Diesmal denke ich nicht. Da unten, sehr weit unten, ist das Mittelmeer, glitzerndes, blendendes Blau. Meine Fingerkuppen tasten über den rauen Kalkstein, hin und her, als würden sie ihn lesen. Ich drücke die Fußspitzen in den Fels, strecke den Rücken durch, habe Juckreiz auf der Stirn, aber ich lasse den Schweiß runterlaufen, keine falsche Bewegung jetzt, ich scanne die Wand, als hinge mein Leben davon ab, es ist ein scharfer Cocktail aus Energie und Angst, der durch meine Adern schießt, "links, weiter links, da ist ein Griff", ruft Peter, und dann hab ich ihn. Ab da erscheint mir alles leicht, jetzt mache ich Tempo, schiebe das Seil aus dem Weg, klettere hoch, kraftvoll und sicher, mein ganzer Körper ein inneres Jauchzen.

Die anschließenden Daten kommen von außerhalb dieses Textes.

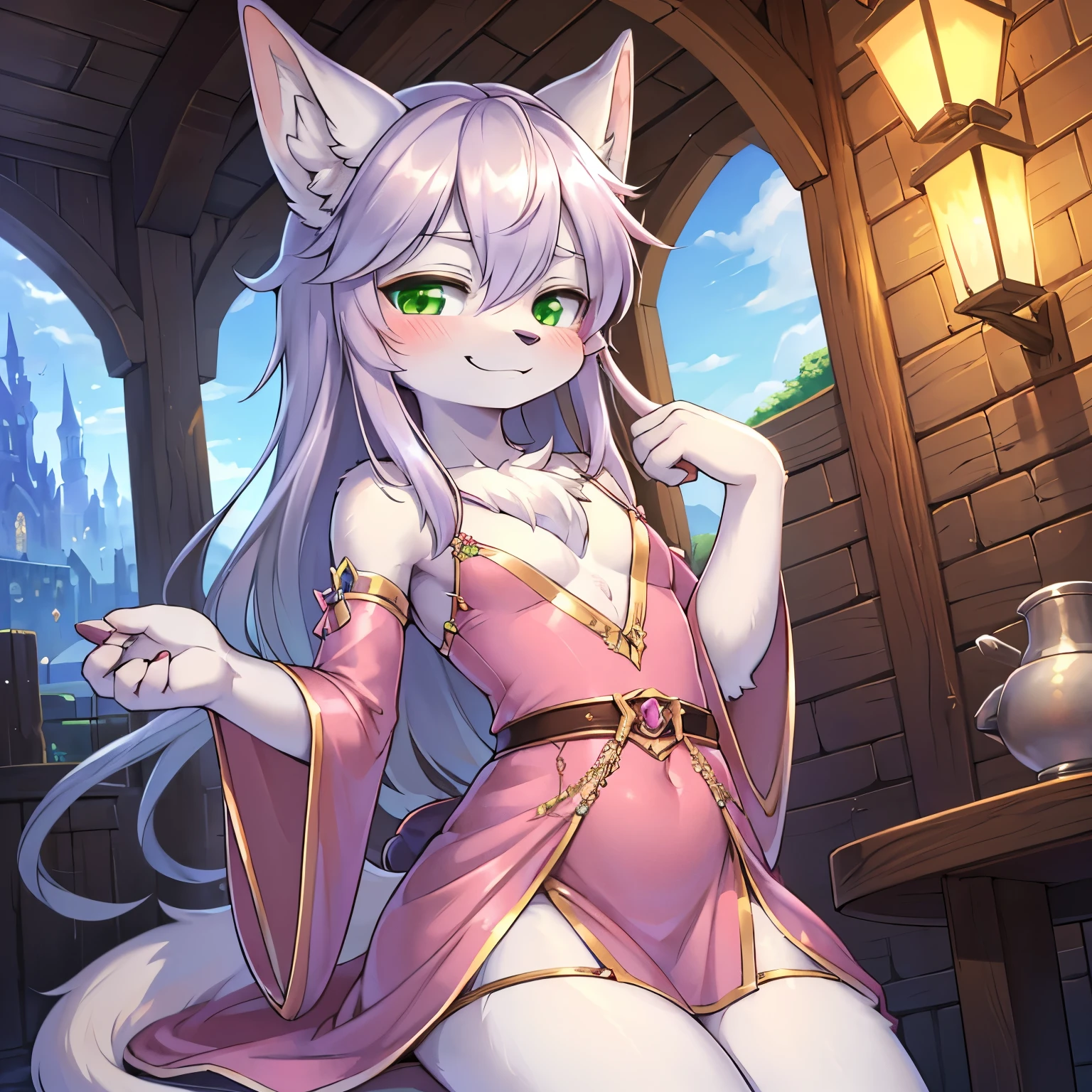 (Furry art,Uploaded on e621:1.4)shaggy,Furry female,Fluffy tail,canid,Full Body Furry,(Half head of gray hair, half pink hair:1.3),One eye is yellow,One is blue,long and flowing hair,etherealglow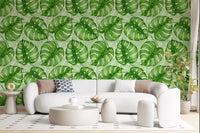 Monstera watercolor  in green Wallpaper⁠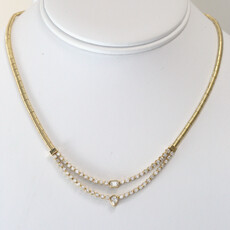 American Jewelry 14k Yellow Gold 2.12ctw Pear, Emerald & Round Diamond Station Chain Necklace (16")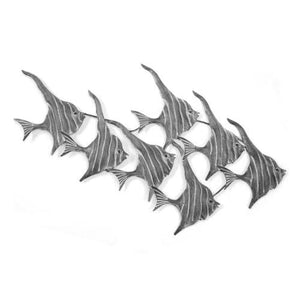 Metal Wall Art - Shoal Angel Fish Grey (Small)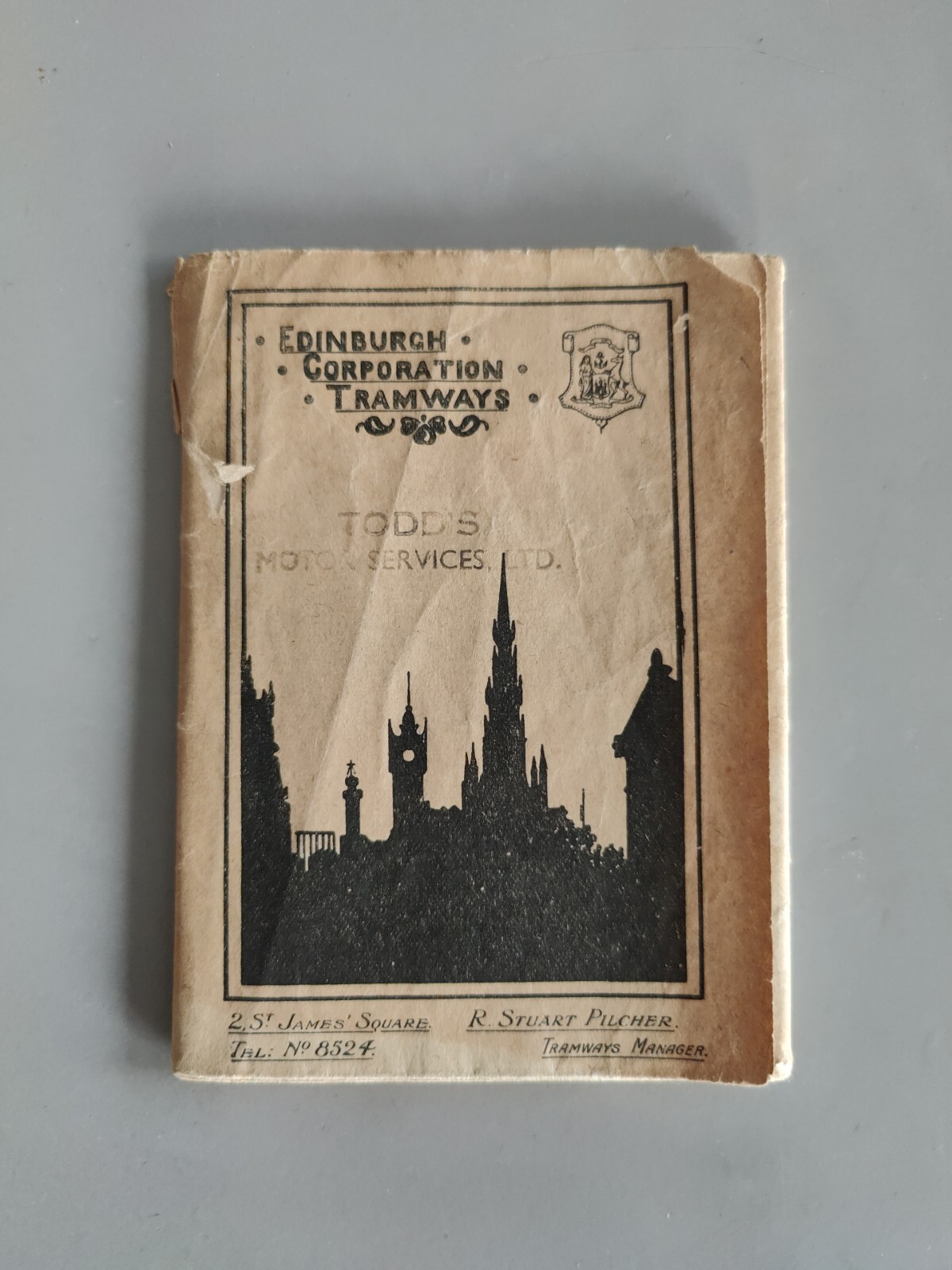 Original vintage 1924 Edinburgh Corporation Tramways Foldout Map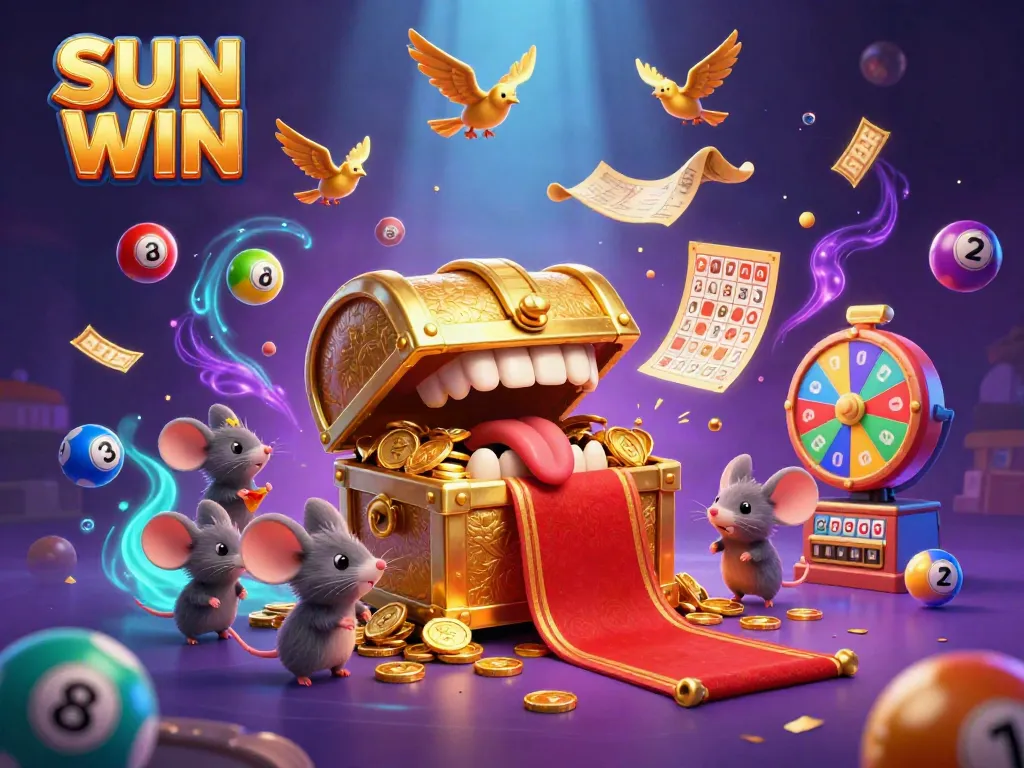 Experience the excitement of SUN WIN with riches and vibrant games in this illustrated casino scene.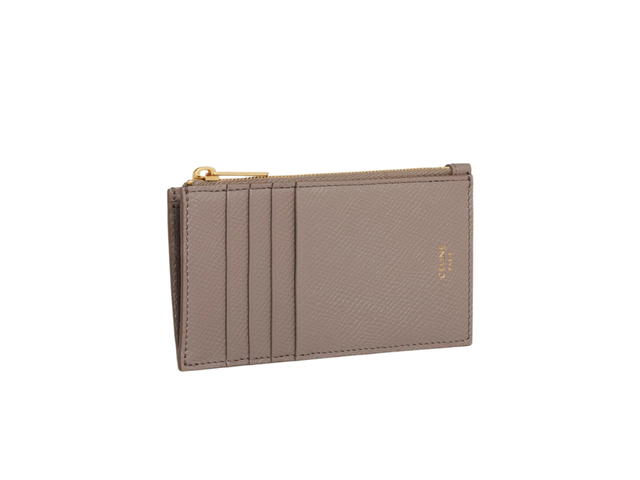 Celine Celine Zipped Compact Card Holder Essentials In Grained Calfskin With Gold Finishing Pebble - view 3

Mit Spaß hatte ich gerechnet: Spätsommer in Frankreich, eine Woche klettern in den Calanques, dieser strahlend weißen Kalkfelsenlandschaft zwischen Marseille und Cassis. Mehr als 2000 Kletterrouten gibt es hier, und sie machen das einzigartige Naturschutzgebiet zum größten Sportkletterrevier Frankreichs. Geradezu unerhört vergnüglich wird das Ganze, wenn man die Buchten seiner Wahl per Segelboot ansteuern kann. In unserem Fall mit einem 14 Meter langen Katamaran namens "Massalée", auf dem wir die nächsten Tage verbringen werden, sofern wir nicht gerade die Wände hochgehen. Sechs Frauen und vier Männer sind wir, zwischen Ende 20 und Anfang 50, zehn Leute also, auf sechs Kabinen verteilt - nichts, was erfahrene Segler schocken könnte. Und auch mich stört es nicht, denn ich habe nicht vor, in den nächsten Tagen viel Zeit im Bauch des Schiffes zu verbringen.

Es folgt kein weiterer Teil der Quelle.